2. Eine solche rückwirkende Inkraftsetzung von Besoldungsregelungen ist grundsätzlich zulässig. Sie verstößt nicht gegen das verfassungsrechtliche Rückwirkungsverbot, den rechtsstaatlichen Grundsatz des Vertrauensschutzes und den in Art. 3 Abs. 1 GG statuierten allgemeinen Gleichheitssatz, der auch für das Berufsbeamtentum gemäß Art. 33 Abs. 5 GG gilt (vgl. BVerfG, Nichtannahmebeschluss vom 7.10.2015 - 2 BvR 413/15 -, juris Rn. 17 ff.; BVerwG, Urteil vom 30.10.2014 - BVerwG 2 C 3.13 -, juris Rn. 74 ff.; Nds. OVG, Beschluss vom 21.6.2018 - 5 LA 104/17 -, juris Rn. 19). Es bleibt grundsätzlich dem Gestaltungsspielraum des Normgebers überlassen, wie er die aus einer Verfassungswidrigkeit resultierende Lücke schließt. Kann der Gesetzgeber zwischen mehreren denkbaren und verfassungsrechtlich gleichermaßen zulässigen Lösungen wählen, obliegt es folglich ihm zu entscheiden, wie die Folgen eines altersdiskriminierenden Besoldungssystems zu beseitigen sind (vgl. BVerfG, Nichtannahmebeschluss vom 7.10.2015 - 2 BvR 413/15 -, juris Rn. 22; Nds. OVG, Beschluss vom 21.6.2018 - 5 LA 104/17 -, juris Rn. 19). Es ist verfassungsrechtlich nicht zu beanstanden, wenn sich der Gesetzgeber für den Erlass eines an der Berufserfahrung ausgerichteten Besoldungssystems rückwirkend zu einem Stichtag entschieden hat (vgl. BVerfG, Nichtannahmebeschluss vom 7.10.2015 - 2 BvR 413/15 -, juris Rn. 22 ff.; Nds. OVG, Beschluss vom 21.6.2018 - 5 LA 104/17 -, juris Rn. 19).

Das grundsätzliche Verbot rückwirkender belastender Gesetze beruht auf den Prinzipien der Rechtssicherheit und des Vertrauensschutzes. Es schützt das Vertrauen in die Verlässlichkeit und Berechenbarkeit der unter der Geltung des Grundgesetzes geschaffenen Rechtsordnung und der auf ihrer Grundlage erworbenen Rechte.
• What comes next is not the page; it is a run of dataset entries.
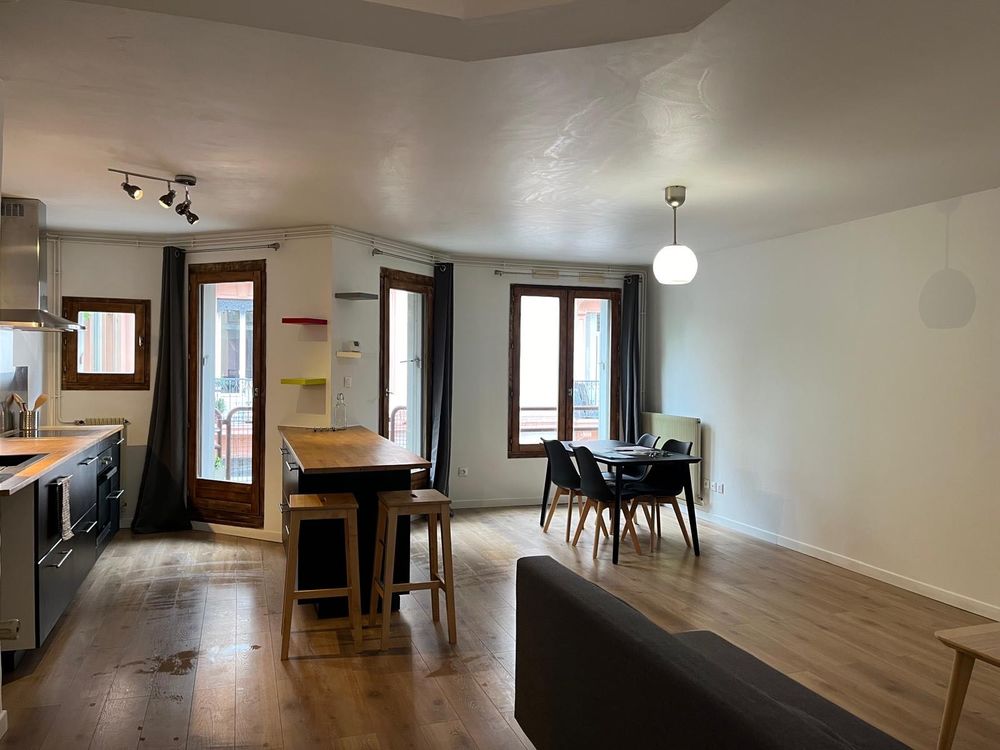 Vente Appartement T2 rénové avec balcon et place de parking Grenoble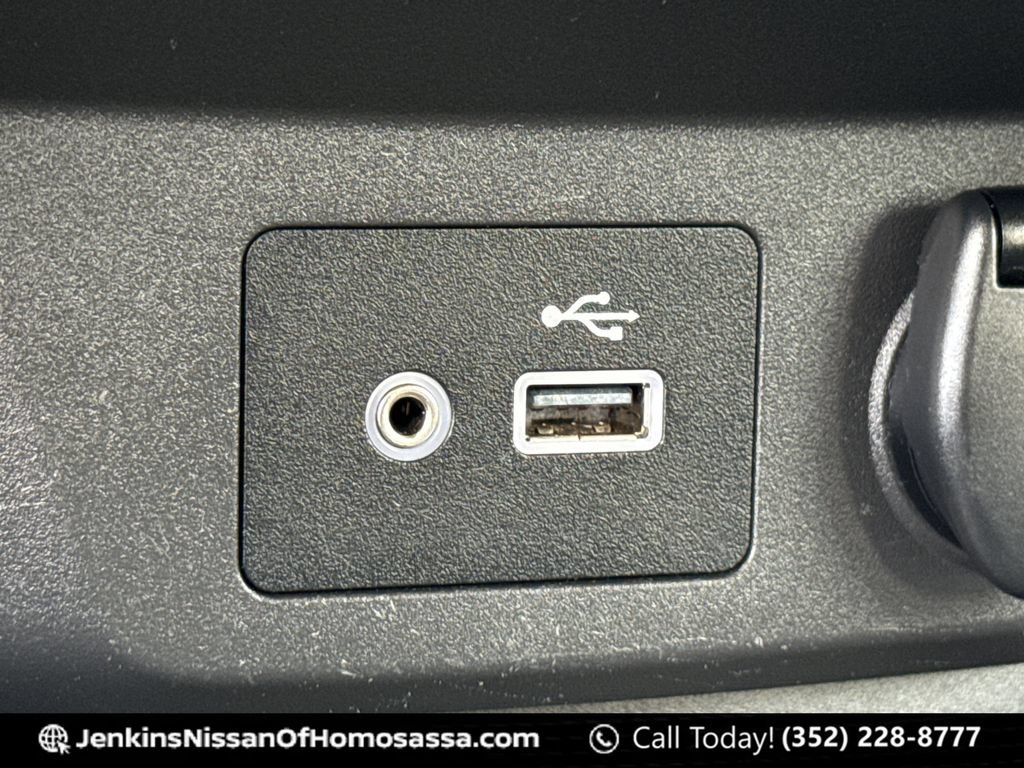 Certified 2022 Nissan Rogue Sport SV FWD image 36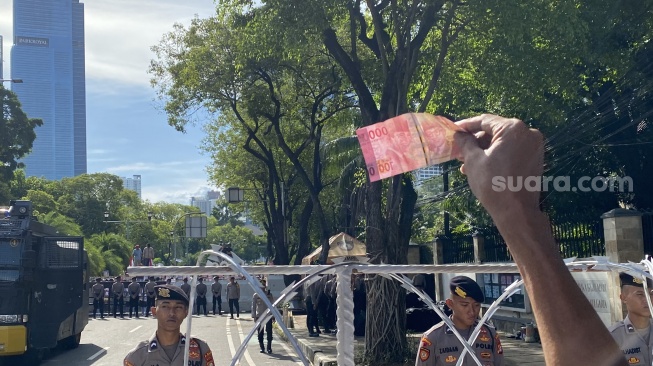 Pamer Duit Cepean, Pendemo Tolak Pemilu Curang di KPU Ledek Massa Tandingan: Nih buat Makan, Pulang Sana!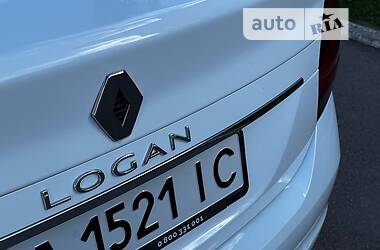 Седан Renault Logan 2019 в 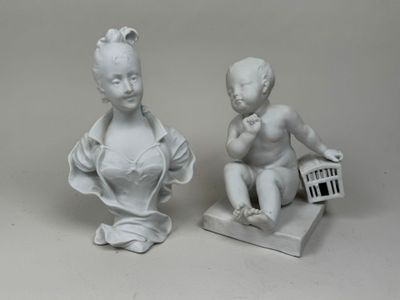 deux figurines représentant une femme et un bébé, posées sur une table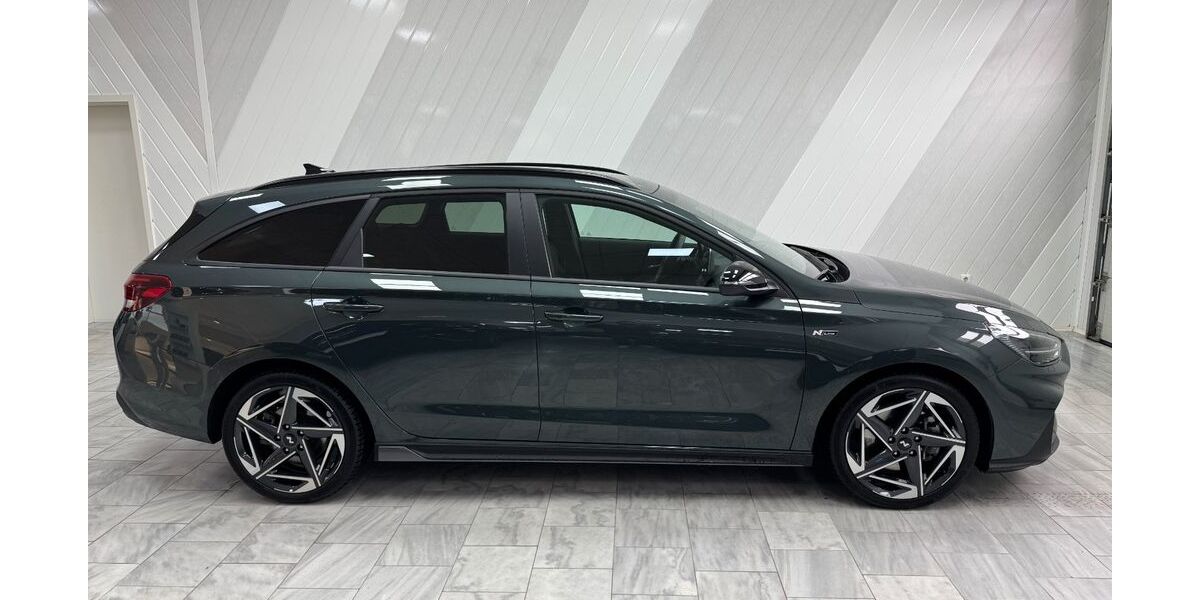Hyundai i30 6.364 km 25.950 &euro; Liebenburg 38704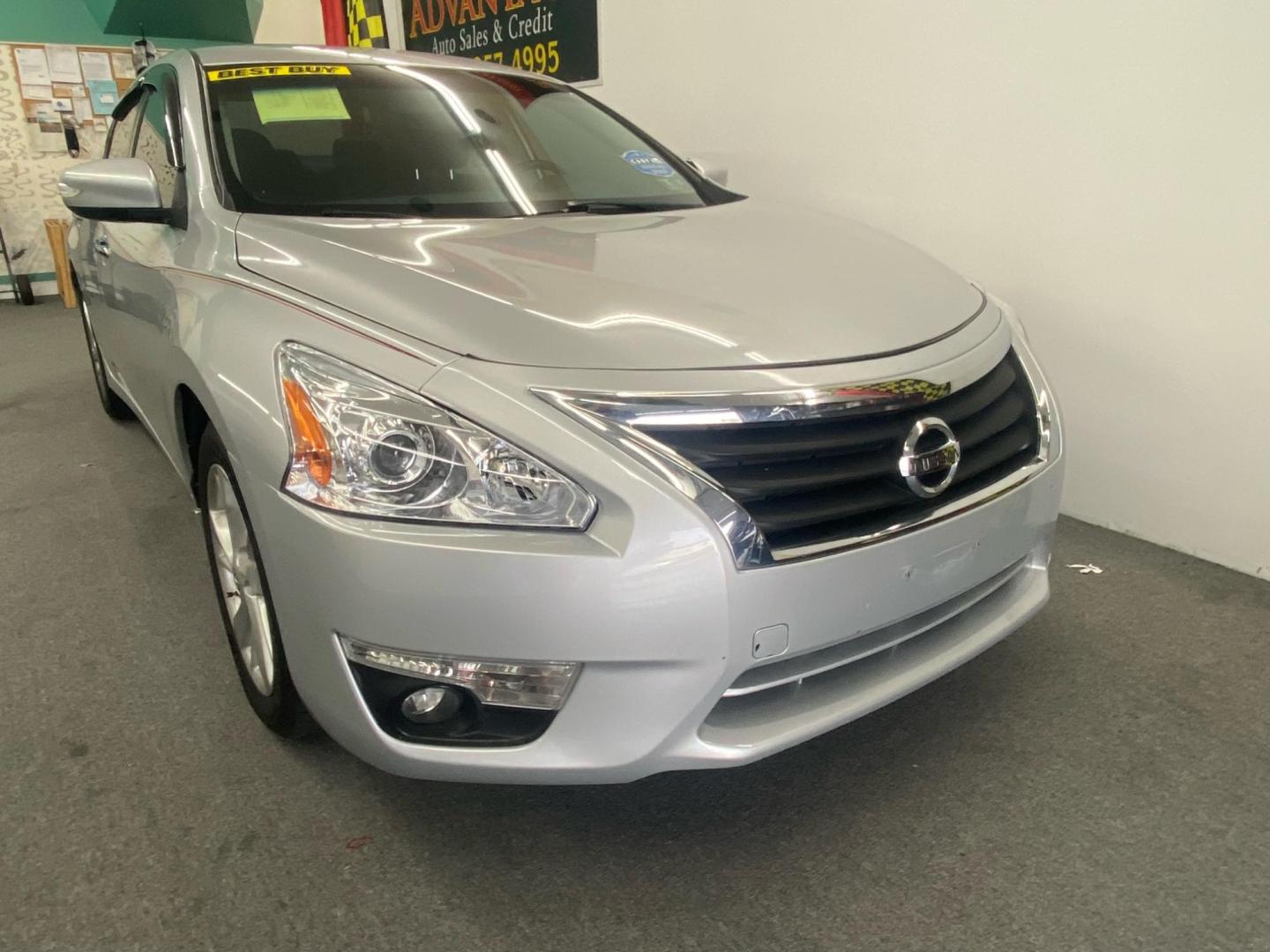 2013 SILVER /Black Nissan Altima 2.5 S (1N4AL3AP4DC) with an 2.5L L4 DOHC 16V engine, located at 533 S West End Blvd., Quakertown, PA, 18951, (877) 257-4995, 40.343994, -75.303604 - INCLUDED IN THE SALE PRICE OF EVERY VEHICLE: 48 Hour Money Back Guarantee 6 Month - 6,000 Mile Warranty Brand New PA State Inspection & Emission $10 Oil Changes for the Life of the Loan Complete CARFAX - Photo#2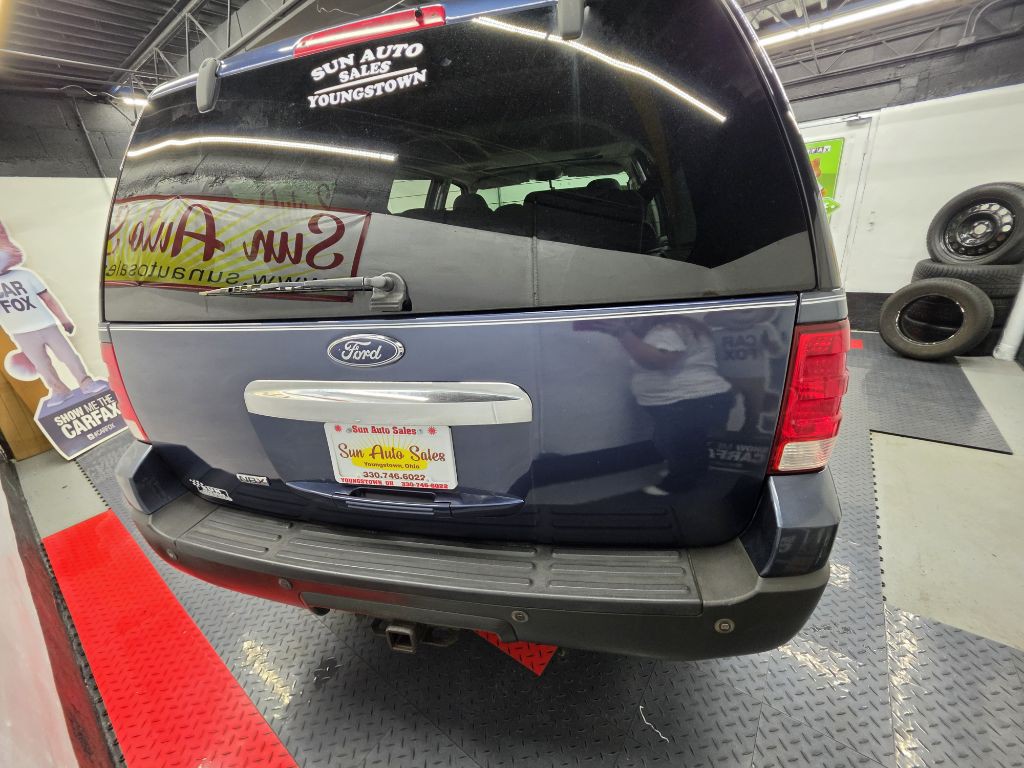 2005 Ford Expedition Image 29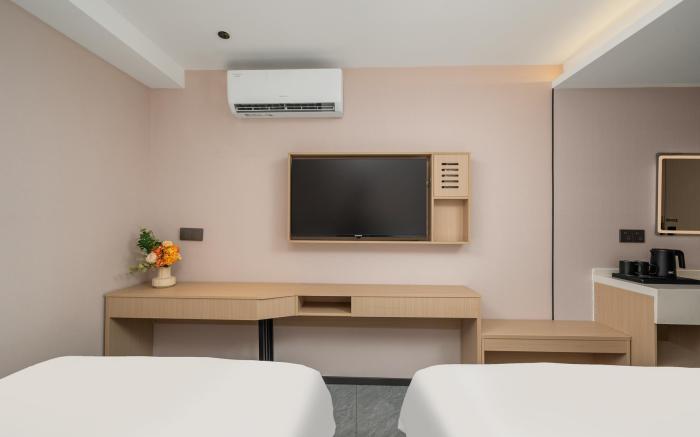 Yinuo Zhenpin Hotel - Shisanhang Clothing Wholesale Market Shangxiajiu Pedestrian Street Branch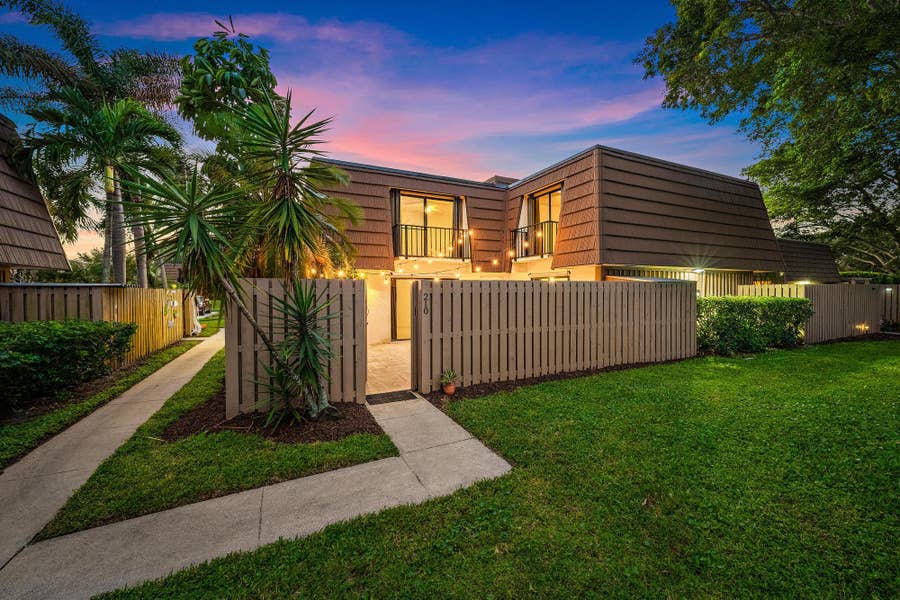 Property photo for 210 2nd Court, Palm Beach Gardens, FL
Wenn der Gesetzgeber die Rechtsfolge eines der Vergangenheit zugehörigen Verhaltens nachträglich belastend ändert, bedarf dies daher einer besonderen Rechtfertigung vor dem Rechtsstaatsprinzip und den Grundrechten des Grundgesetzes, unter deren Schutz Sachverhalte „ins Werk gesetzt" worden sind (vgl. BVerfG, Nichtannahmebeschluss vom 7.10.2015 - 2 BvR 413/15 -, juris Rn. 19 m. w. N.; Nds. OVG, Beschluss vom 21.6.2018 - 5 LA 104/17 -, juris Rn. 20). Verfassungsrechtlich unzulässig ist danach die belastende Tendenz eines rückwirkenden Gesetzes (BVerwG, Urteil vom 30.10.2014 - BVerwG 2 C 3.13 -, juris Rn. 76 m. w. N.; Nds. OVG, Beschluss vom 21.6.2018 - 5 LA 104/17 -, juris Rn. 20). An einer belastenden Wirkung für Bestandsbeamte fehlt es, weil die zum 1. September 2011 in Kraft gesetzten niedersächsischen Besoldungsregelungen weder nach dem früheren Recht begründete Besoldungsansprüche beseitigen noch ihre Geltendmachung erschweren (Nds. OVG, Beschluss vom 21.6.2018 - 5 LA 104/17 -, juris Rn. 20; zur vergleichbaren Neuregelung in Sachsen: BVerwG, Urteil vom 30.10.2014 - BVerwG 2 C 3.13 -, juris Rn. 76).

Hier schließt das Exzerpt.